Lass mich schlafen

Irgend etwas stimmt nicht mit der Beleuchtung. Es ist eine Nuance zu hell, und obwohl das Essen gut, und die Einrichtung angenehm ist, schaut man immer wieder hoch, wo eine Art leuchtende Raupe unter der Decke hängt, und überlegt, ob man den schmächtigen, britischen Kellner bittet, das Licht etwas zu dämpfen. Lass mich schlafen, denkt man, den ganze Mund voller Sojasuppe, und in der Schüssel liegen die bleichen, dicken Udon-Nudeln wie wohlschmeckende Würmer.

Jetzt soll Nacht sein, denke ich, und schließe für Momente die Augen, aber der Tag hört nicht auf, obwohl es dunkel ist. Die Woche läuft weiter und weiter, und vor meinen Augen platzen lauter kleine Pop-Ups auf, in denen steht, was ich tun muss oder hätte tun müssen. Sie habe ein Meeting am Sonntag um zehn im Büro, erzählt die C. und ich beschließe, diesen Sonntag nicht zu arbeiten, sondern zu schlafen, den ganzen Tag zu schlafen, bis ich mich wieder spüren kann und an etwas denken, was nichts mit dem zu tun hat, was ich tue.

Wie man heute wohl aussieht, von außen, überlege ich später im fließenden, orangefarbenen Licht der Bar 103, und trinke in kleinen Schlucken vom Martini bianco in meinem Glas. Um mich herum erzählen sich lauter Leute laut und aufgekratzt ihre Pläne für die Nacht, um dann irgendwohin zu fahren, wo die Nacht lang sein wird, und die Bässe laut.

Ich aber schaue der C. hinterher, wie sie die Kastanienallee entlang nach Hause fährt, und lege mich ins Bett, kurz vor eins, Samstagnacht. Lass mich schlafen, denke ich noch, und versuche, die Systeme auszuschalten, die gleichwohl unerbittlich weiterrattern, seltsame und verdorbene Nachrichten in meine Träume schicken, und meine Hände zucken lassen, als müsse ich etwas tippen, jetzt gleich, noch nachts, und will doch schlafen, schlafen, schlafen.

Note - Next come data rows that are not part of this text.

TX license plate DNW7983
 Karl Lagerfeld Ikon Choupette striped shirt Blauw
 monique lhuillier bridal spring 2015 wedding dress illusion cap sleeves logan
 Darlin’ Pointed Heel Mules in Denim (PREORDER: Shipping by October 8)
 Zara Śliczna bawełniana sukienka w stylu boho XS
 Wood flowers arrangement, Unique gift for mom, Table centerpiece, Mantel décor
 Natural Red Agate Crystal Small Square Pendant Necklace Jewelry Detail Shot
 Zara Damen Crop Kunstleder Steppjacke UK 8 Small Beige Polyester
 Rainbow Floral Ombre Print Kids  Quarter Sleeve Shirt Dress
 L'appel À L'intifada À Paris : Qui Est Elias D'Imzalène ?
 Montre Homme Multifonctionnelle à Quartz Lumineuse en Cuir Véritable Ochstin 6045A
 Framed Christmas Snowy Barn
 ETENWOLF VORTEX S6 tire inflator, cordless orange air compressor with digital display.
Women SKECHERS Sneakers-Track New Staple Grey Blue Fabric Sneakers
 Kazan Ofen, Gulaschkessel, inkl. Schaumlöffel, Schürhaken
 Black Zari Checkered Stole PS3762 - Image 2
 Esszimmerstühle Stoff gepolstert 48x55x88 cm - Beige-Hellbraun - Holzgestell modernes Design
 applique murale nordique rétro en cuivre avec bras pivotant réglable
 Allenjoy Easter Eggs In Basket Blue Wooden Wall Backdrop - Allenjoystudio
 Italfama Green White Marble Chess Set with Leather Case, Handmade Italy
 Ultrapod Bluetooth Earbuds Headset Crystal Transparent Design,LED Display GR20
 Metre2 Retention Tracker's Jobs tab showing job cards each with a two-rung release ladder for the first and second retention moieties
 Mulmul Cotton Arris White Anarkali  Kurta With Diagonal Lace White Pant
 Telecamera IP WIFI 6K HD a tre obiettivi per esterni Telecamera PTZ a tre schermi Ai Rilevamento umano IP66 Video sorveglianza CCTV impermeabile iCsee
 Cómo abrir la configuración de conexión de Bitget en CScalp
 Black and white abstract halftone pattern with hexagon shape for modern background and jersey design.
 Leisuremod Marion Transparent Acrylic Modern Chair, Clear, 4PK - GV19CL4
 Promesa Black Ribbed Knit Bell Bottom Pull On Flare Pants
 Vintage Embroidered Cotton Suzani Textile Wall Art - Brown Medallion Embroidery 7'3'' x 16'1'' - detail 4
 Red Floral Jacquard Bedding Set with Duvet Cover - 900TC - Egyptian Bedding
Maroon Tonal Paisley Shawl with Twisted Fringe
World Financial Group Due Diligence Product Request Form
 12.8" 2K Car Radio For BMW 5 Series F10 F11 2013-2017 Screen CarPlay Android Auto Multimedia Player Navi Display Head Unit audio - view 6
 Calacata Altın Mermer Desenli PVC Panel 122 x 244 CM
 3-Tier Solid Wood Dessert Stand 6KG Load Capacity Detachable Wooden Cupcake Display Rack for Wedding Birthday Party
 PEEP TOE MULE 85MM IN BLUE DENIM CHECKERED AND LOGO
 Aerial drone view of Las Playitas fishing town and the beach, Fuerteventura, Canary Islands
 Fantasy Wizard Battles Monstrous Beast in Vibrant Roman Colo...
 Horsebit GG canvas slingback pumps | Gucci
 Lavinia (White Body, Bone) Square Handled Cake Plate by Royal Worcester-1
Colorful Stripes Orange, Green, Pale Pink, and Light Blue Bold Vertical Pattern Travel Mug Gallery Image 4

wortschnittchen - 21. Jan. 2007, 21:43 Uhr

Liebe Frau Modeste, wie gut kann ich es Ihnen nachfühlen. Der Gedanke ans Durchhalten bringt einen dazu, sich wie ein von Outlook ferngesteuerter Roboter zu fühlen. Das einzige, was hilft: sich Termine für das eigene Wohl, die eigene Gesundheit zu setzen. Die dürfen dann auch ruhig mit einer höchsten Wichtigkeit aufpoppen.
Modeste - 21. Jan. 2007, 23:11 Uhr

Das geht gut, solange sich die Arbeit in der restlichen Zeit erledigen lässt. Wenn das nicht mehr der Fall ist, fallen nach und nach alle anderen Termine rechts und links vom Tisch, und es bleibt nur zu hoffen, dass man mit der Zeit besser wird im Balancieren, schneller, gewandter und geschickter in der Disziplin, etwas von sich zurückzubehalten.
DrNIx - 22. Jan. 2007, 9:34 Uhr

Nix Feierabend

... macht der Kopf. Es gibt immer was zu tun. Als freiberuflicher Student. Selbst wenn alles getan ist, dann ist da immer noch dieses und jenes Buch, das man mal lesen müßte um über dieses und jenes noch mehr zu wissen. Beim Einschlafen nicht an morgen denken. Nur das nicht. Das kommt früh genug.
fragmente - 22. Jan. 2007, 10:59 Uhr

Da würde ich Sie doch diesbezüglich mal was fragen wollen.
Würden Sie auf Gehalt verzichten, um dafür mehr Zeit zu haben?
Modeste - 27. Jan. 2007, 18:17 Uhr

Das, Herr DrNiX, ist dann wohl der Preis, den man zu zahlen hat für die Teilnahme am Spiel, auf die man, um Ihre Frage, Frau Fragmente zu beantworten, aber auch nicht verzichten mag, und so ist mir das Dabeisein die Erschöpfung dann wohl schlicht wert.